> PROBLEM DETAILS
From the line containing "Vintage Western Shirt" to the last line of the data, both included, transcribe each line exactly, leaving out pictures and adding nothing.

> GIVEN DATA
Segment Open

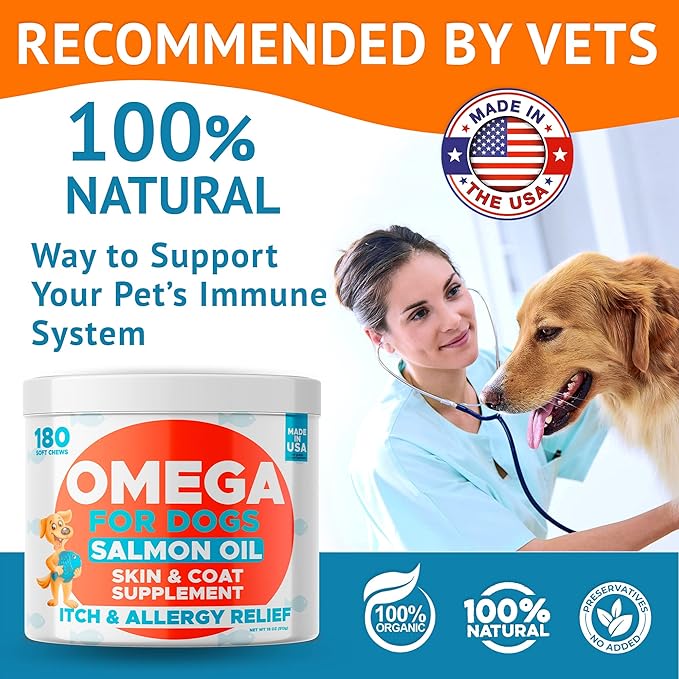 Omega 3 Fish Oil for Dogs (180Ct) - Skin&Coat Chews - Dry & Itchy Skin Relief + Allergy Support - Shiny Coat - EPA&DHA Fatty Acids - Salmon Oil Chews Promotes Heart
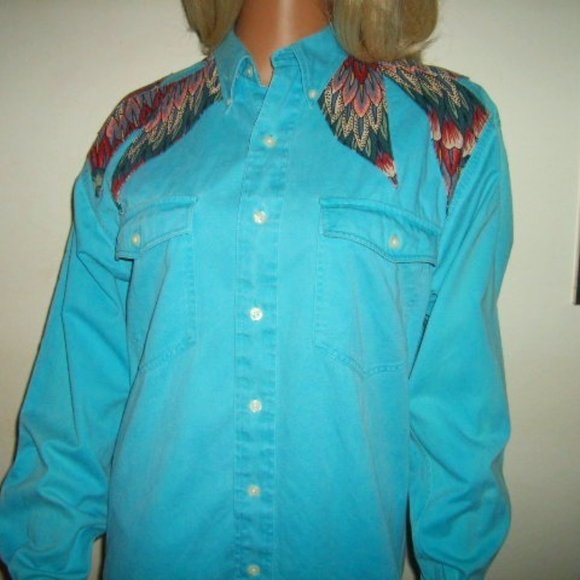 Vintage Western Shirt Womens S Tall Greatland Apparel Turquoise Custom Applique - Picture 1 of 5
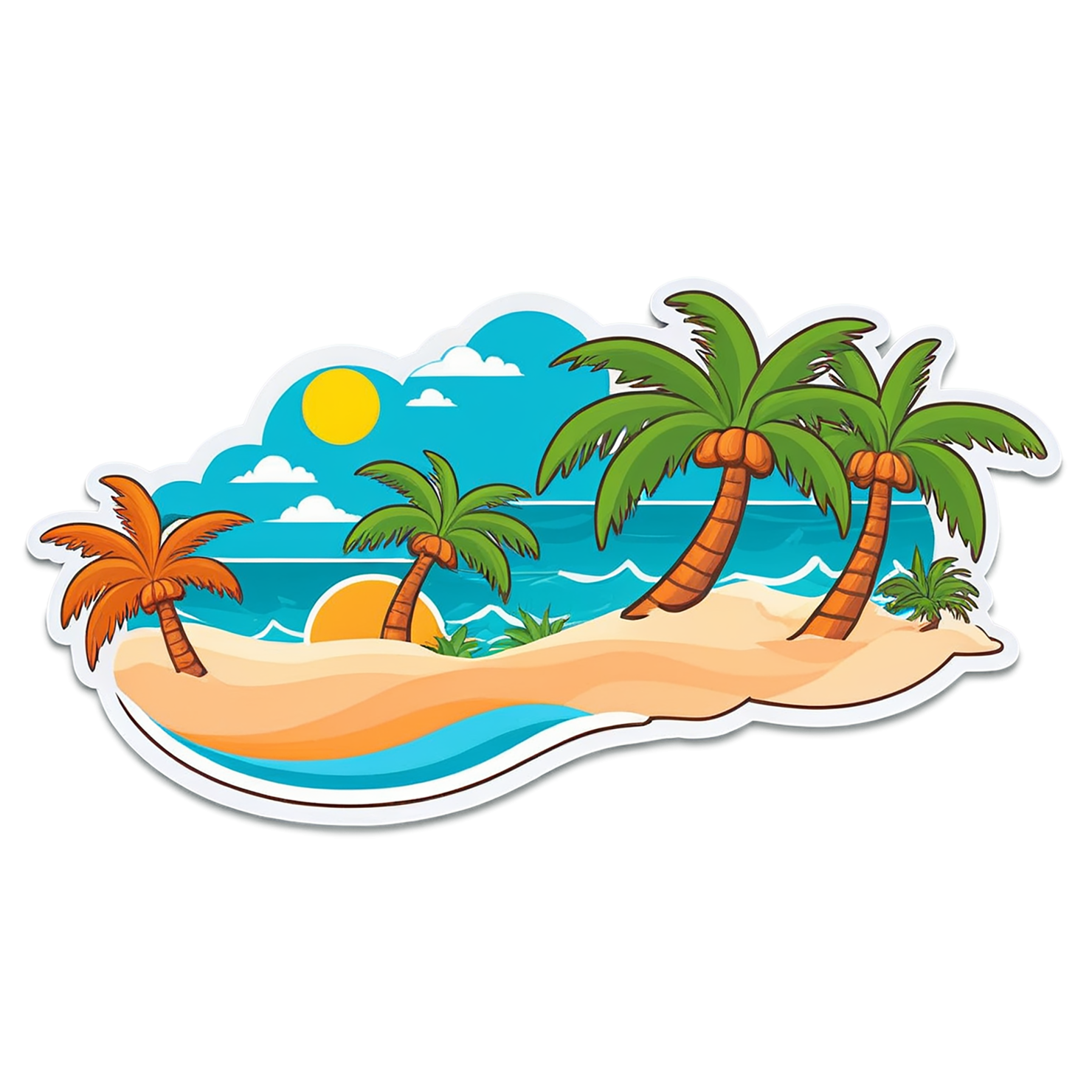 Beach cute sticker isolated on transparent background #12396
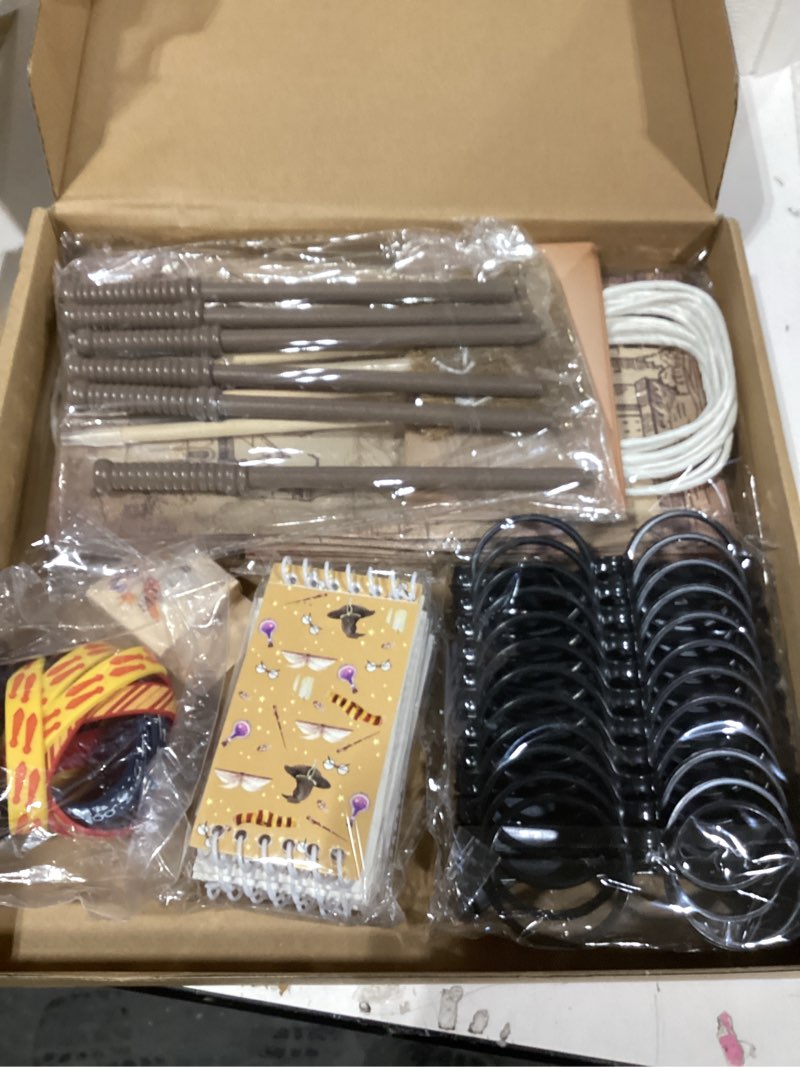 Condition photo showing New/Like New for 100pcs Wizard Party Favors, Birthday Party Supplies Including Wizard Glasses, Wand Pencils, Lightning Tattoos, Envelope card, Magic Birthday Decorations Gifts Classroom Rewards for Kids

Segment Closed

> RESPONSE BELOW
 Vintage Western Shirt Womens S Tall Greatland Apparel Turquoise Custom Applique - Picture 1 of 5
 Beach cute sticker isolated on transparent background #12396
 Condition photo showing New/Like New for 100pcs Wizard Party Favors, Birthday Party Supplies Including Wizard Glasses, Wand Pencils, Lightning Tattoos, Envelope card, Magic Birthday Decorations Gifts Classroom Rewards for Kids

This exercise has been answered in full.